Modern big-data systems generate massive, heterogeneous, and geographically dispersed streams that are large-scale and privacy-sensitive, making centralization challenging. While federated learning (FL) provides a privacy-enhancing training mechanism, it assumes a static data flow and learns a collaborative model over multiple rounds, making learning with \textit{incremental} data challenging in limited-communication scenarios. This paper presents One-Shot Incremental Federated Learning (OSI-FL), the first FL framework that addresses the dual challenges of communication overhead and catastrophic forgetting. OSI-FL communicates category-specific embeddings, devised by a frozen vision-language model (VLM) from each client in a single communication round, which a pre-trained diffusion model at the server uses to synthesize new data similar to the client's data distribution. The synthesized samples are used on the server for training. However, two challenges still persist: i) tasks arriving incrementally need to retrain the global model, and ii) as future tasks arrive, retraining the model introduces catastrophic forgetting. To this end, we augment training with Selective Sample Retention (SSR), which identifies and retains the top-p most informative samples per category and task pair based on sample loss. SSR bounds forgetting by ensuring that representative retained samples are incorporated into training in further iterations. The experimental results indicate that OSI-FL outperforms baselines, including traditional and one-shot FL approaches, in both class-incremental and domain-incremental scenarios across three benchmark datasets.

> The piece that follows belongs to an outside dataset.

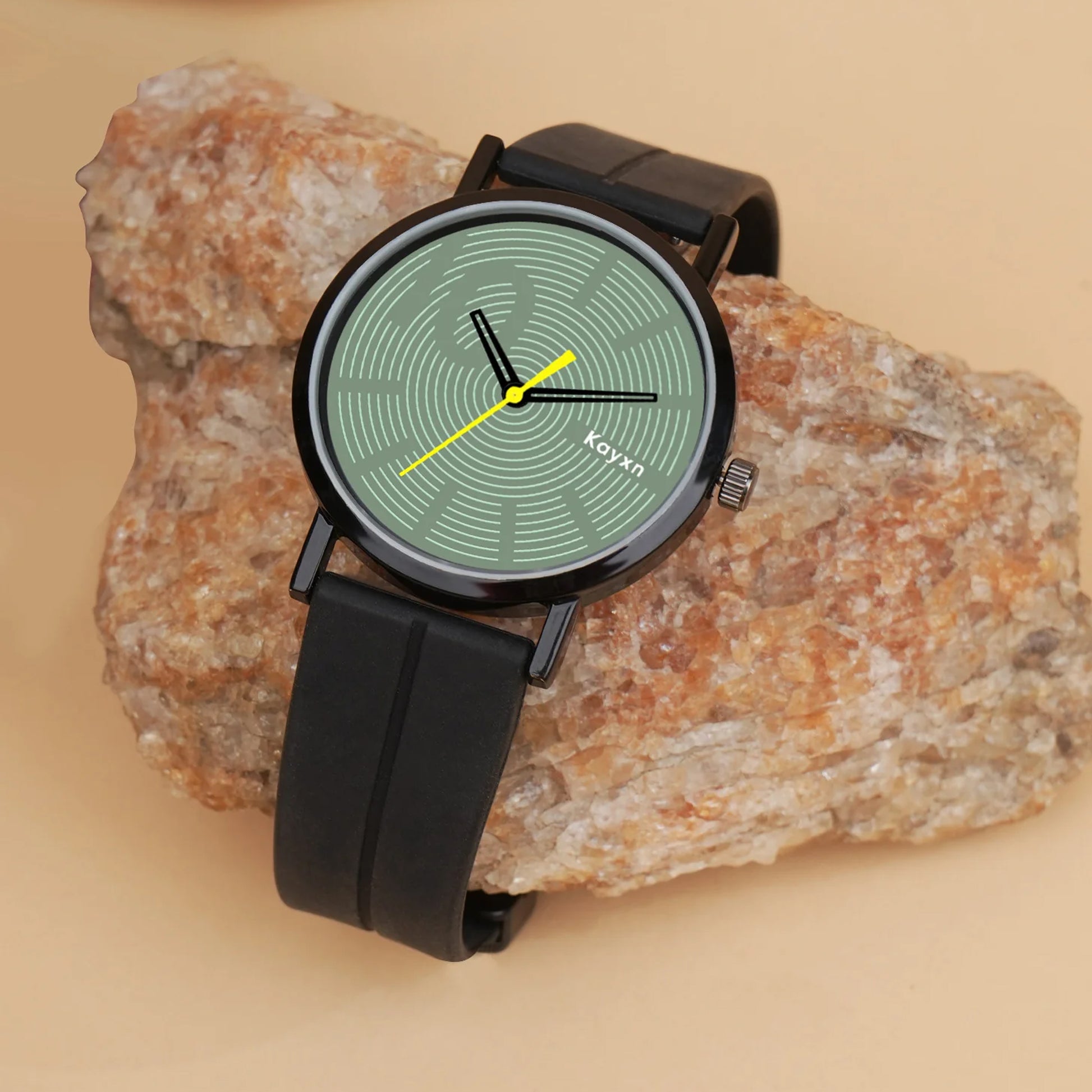 Spectra Analogue Silicone Strap Watch For Men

翻译：现代大数据系统产生大规模、异构且地理分散的数据流，这些数据流规模庞大且具有隐私敏感性，使得集中化处理面临挑战。虽然联邦学习（FL）提供了一种增强隐私的训练机制，但它假设数据流是静态的，并通过多轮学习来训练协作模型，因此在通信受限的场景下，使用\textit{增量}数据进行学习具有挑战性。本文提出了单次增量联邦学习（OSI-FL），这是首个同时应对通信开销和灾难性遗忘双重挑战的FL框架。OSI-FL在单轮通信中传输由各客户端冻结的视觉语言模型（VLM）生成的类别特定嵌入向量，服务器端的预训练扩散模型利用这些嵌入来合成与客户端数据分布相似的新数据。合成的样本在服务器端用于训练。然而，仍存在两个挑战：i) 增量到达的任务需要重新训练全局模型；ii) 随着未来任务的到达，重新训练模型会引发灾难性遗忘。为此，我们通过选择性样本保留（SSR）来增强训练，该方法根据样本损失识别并保留每个类别-任务对中最具信息量的前p个样本。SSR通过确保在后续迭代训练中纳入具有代表性的保留样本来限制遗忘。实验结果表明，在三个基准数据集上的类增量与域增量场景中，OSI-FL均优于基线方法，包括传统FL和单次FL方法。